I'll clean the cubicle if you'll teach Macbeth today...
By the way - St. A's Parish Choir is doing some pretty amazing music at the MMA tomorrow night. Definitely good stuff.
I think a more fair trade would be I'll teach MacBeth and you come up with a couple of cartoon ideas and draw them.
Cleaning the desk is a snap.
Does cleaning a cubical "once and for all" mean that you are now getting a real office with a real door? Unless you're cleaning something and then moving out, it's NOT once and definitely not for all!
Clean cubicle? What's that?
A clean cubicle is the sign of an empty mind, don't you know that?
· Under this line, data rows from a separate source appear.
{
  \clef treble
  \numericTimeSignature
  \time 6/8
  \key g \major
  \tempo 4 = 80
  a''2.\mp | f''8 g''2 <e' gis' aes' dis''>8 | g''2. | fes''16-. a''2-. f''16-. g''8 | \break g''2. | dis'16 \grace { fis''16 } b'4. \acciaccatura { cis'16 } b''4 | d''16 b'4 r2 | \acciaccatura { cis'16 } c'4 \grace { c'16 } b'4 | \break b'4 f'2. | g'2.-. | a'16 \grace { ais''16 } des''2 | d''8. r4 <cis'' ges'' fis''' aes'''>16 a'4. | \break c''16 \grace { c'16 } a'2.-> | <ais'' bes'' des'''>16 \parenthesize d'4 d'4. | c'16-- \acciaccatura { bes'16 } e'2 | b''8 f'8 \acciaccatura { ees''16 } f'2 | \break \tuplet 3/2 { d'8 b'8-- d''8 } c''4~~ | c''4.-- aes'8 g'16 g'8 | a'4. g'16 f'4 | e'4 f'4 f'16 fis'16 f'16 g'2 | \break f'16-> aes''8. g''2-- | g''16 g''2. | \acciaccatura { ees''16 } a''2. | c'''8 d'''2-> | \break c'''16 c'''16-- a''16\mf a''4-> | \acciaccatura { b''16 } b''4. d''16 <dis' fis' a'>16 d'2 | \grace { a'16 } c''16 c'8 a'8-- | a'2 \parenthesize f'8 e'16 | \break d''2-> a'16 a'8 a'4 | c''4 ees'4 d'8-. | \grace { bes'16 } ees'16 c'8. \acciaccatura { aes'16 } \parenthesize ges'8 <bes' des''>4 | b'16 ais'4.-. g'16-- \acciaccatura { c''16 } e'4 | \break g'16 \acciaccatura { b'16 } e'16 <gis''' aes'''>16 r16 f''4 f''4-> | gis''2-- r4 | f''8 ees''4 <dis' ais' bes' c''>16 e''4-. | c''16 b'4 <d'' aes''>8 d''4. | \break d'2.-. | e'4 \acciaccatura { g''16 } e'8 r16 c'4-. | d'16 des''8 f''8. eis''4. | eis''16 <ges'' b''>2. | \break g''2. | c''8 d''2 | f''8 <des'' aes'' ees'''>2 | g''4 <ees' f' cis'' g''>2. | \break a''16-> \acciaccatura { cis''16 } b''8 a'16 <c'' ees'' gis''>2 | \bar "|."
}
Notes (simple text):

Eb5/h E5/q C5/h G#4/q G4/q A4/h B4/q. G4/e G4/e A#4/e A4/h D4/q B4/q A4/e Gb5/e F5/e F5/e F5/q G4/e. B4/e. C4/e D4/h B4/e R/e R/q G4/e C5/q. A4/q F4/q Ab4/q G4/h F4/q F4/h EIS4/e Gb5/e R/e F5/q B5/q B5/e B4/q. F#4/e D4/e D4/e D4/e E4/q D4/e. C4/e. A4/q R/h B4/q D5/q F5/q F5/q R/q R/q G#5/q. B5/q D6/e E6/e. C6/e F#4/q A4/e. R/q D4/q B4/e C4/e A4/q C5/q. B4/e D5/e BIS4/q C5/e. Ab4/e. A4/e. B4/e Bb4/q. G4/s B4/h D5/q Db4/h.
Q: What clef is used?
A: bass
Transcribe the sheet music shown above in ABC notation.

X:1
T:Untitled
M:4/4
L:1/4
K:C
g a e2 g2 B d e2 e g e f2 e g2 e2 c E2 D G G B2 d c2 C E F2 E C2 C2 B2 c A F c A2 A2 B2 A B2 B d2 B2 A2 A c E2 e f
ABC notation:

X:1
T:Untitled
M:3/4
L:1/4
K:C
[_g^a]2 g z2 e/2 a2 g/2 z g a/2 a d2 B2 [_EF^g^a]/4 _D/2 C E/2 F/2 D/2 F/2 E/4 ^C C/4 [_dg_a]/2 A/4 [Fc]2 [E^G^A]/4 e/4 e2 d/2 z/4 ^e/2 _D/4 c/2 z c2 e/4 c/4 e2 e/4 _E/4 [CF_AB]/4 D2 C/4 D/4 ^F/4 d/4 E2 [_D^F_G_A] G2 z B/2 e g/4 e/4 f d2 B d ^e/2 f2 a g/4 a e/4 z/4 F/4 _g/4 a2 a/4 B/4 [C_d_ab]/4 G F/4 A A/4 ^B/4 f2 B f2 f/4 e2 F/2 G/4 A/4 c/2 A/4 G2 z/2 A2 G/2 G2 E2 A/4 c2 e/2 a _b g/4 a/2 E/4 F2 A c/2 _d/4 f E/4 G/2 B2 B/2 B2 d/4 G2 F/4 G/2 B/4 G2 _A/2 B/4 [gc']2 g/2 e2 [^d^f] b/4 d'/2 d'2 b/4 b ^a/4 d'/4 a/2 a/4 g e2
Godspeed changing that password. Around these parts, password-changing is grounds for not being able to do anything the rest of the day.
Draw like the wind!!
Cubicle cleaning would be my most dreaded part of the "to-do" list.
We have tightened ours up over the last year or so for added security. But I think the only people it keeps out of the system are employees. It has turned into a major hassle to change.
I think some Macbethian allusions would make some great cartoons.
Nobody'd get my cartoons, though, because they'd be full of references to literature.
Though, however, I think comparing some politicians to Lady Chatterly's Lover would be absolutely hilarious.
BTW - one class and one senior meeting down...two more Macbeths to go!
Macbethian allusions worked well in the 50's and 60's Warner Bros. cartoons but I am afraid they wouldn't as well today. My biggest challenge is keeping myself in touch -- and to be honest, I am sliding into old fart land quickly. I guess I am, anyway. I don't want to know if Britney is wearing underwear or not.
I agree with you there.
Amen!
Alluding to Macbeth, and ol' Mrs. Chatterly, verily, forsooth, Mr. R's to-do list demands inclusion:
--change oil, wash hands
--run by the bank, see groundskeeper
--draw and quarter cartoons
--Ed board of social commentary and innuendo by D. Lawrence
--change password into groundskeeper's hut
--clean cubicle of Shakepearean allusions.
Moo!
If you bring back the gibberish needed to submit a post, you'd have a goldmine of password options provided every day.
*screaming in the background*
Topiary Cow, you are TOO MUCH!
But I'd suggest that Mr. R stay AWAY from the groundskeeper.